But I wonder if there isn't something else besides the hegemony of (male) "expert advice" at play here? One thing I noticed with infant care advice was the extreme emphasis on the DANGER of everything, especially products. Everything came with a million warnings, down to plastic grocery bags with those labels that say DO NOT ALLOW CHILDREN TO PLAY WITH THIS OR THEY WILL DIE. Now, I understand how it is possible to suffocate with a grocery bag, but the danger that grocery bags pose to most children in practice is pretty much zero. But there are two forces that animate these hyper-cautious warnings: The first is legal liability, which is much higher for makers of baby stuff than adult stuff b/c babies can't be held to any standard of reasonableness like adults can (if adult suffocates with grocery bag, it is his fault, but if baby does, it is bag-maker's fault). So that increases the incentive to put alarmist labels on everything, to pre-empt lawsuits. The second thing at play is the sense that even one child killed in a preventable way is too much, and from the perspective of any given mother, the desire to protect one's own child from accidental death as much as humanly possible leads to high risk-aversion. So they in turn want the danger labels on everything b/c they want to know the risks.

I think this dynamic is also in play in "expert" or "scientific" childcare advice. Everyone emphasizes that the actual incidence of SIDS is very low, but no expert wants to recommend any practice that might in any way contribute to it for fear of being held legally or morally liable for a child's death, while at the same time, mothers don't want to try anything that is even remotely linked with risk of SIDS, even if that link is very remote and presented as such. So it's a perfect storm that results in all educated parents dutifully putting babies to sleep on their backs in cribs, even though it becomes clear very quickly that most babies sleep better on their stomachs and with their mothers.

If high expert/manufacturer liability fear and extreme maternal risk-aversion are also forces that shape the character of childrearing advice, then it's less that women are being pushed around by professionals and at least in part that women's expectations and professionals' fears shape the advice and how it is conveyed.

Emily Hale said...

Yeah, so according to the cosleeping expert all the crunchy mamas love at Notre Dame, it has to do with breastfeeding parents being in touch with a kid's needs and responsive to the kid in a way that a non breastfeeding parent (including fathers) aren't. So this applies to sleeping directly in the bed with an infant. So this expert uses science, too I think. I think he has a cosleeping lab:) Not really sure. So we had the kid in bed with us and he was never near his father, but only by me. And I would react to the kid every time he stirred, often without waking up. His father would not.
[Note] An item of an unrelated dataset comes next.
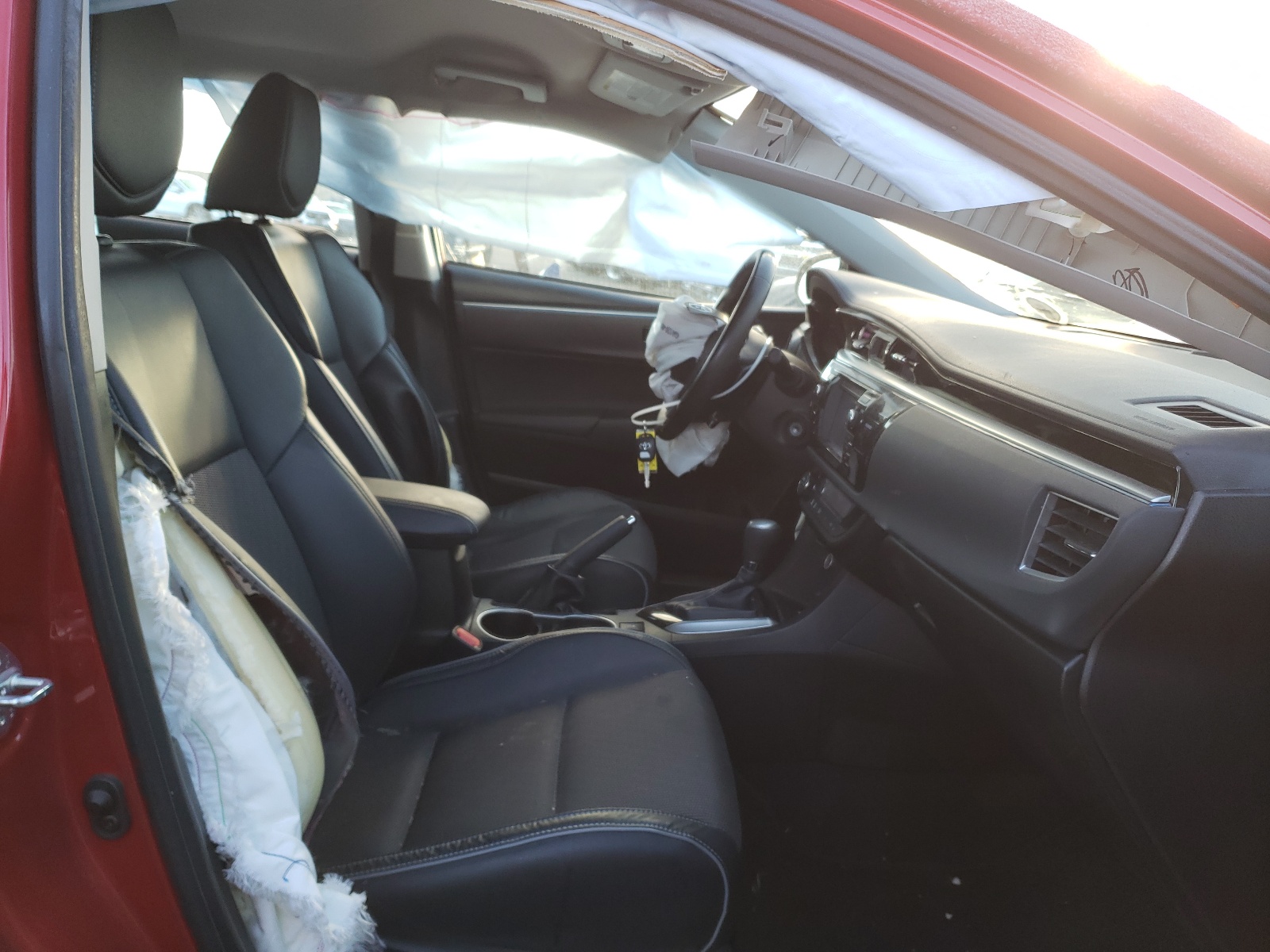 صورة رقم 5 من المزاد - 2015 TOYOTA COROLLA L مع VIN 5YFBURHE1FP299546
I don't think we should be overthrowing science or experts. But that we have to be really attentive toward what these experts are guiding us. And I don't think it's just male expertise that's a problem.

Another example is the Baby-Led Weaning thing, which we did. Plenty of experts hate this. But the baby-led weaning people use science and do research too and are experts of some kind. And it's pretty scary because that risk-averse thing that you're talking about is really compelling and you feel like you might choke your kid. Heck, you feel like you might choke your kid after you feed him a grape cut in half in the wrong direction. Because a scary fb article told you this might kill your kid.
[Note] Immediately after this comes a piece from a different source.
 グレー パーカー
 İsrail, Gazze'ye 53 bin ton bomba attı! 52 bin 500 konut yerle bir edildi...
I think legal liability plays into this. And I think a motherly desire to protect your kid play into it. But I also think that the experts can either play into your fear or tell you to calm down. I think the latter is really important. And so I love that woman who writes about Free Range Parenting. She argues that the world hasn't actually gotten less safe and so it's reasonable to teach your kids to be independent from a young age and that it's terrible for the government to intervene in parents' reasonable decisions. And so we get into the whole debate over whether you can leave your kid in the car for five minutes while you run into a store. And I suspect that while the law (often) tells you you can't, for safety reasons, it can in some instances actually be safer to leave your kids in the car with the windows down for five minutes.

I guess I think that experts should be educating women and parents in order to make wise decisions rationally, rather than out of fear. And realizing you can't get rid of risk entirely. I think parents should learn to trust themselves. Whether or not some experts caused the fear and risk-aversion problem (and maybe it's not just them causing it, as you point out), they shouldn't be feeding into it to sell books, but should be pushing back against it.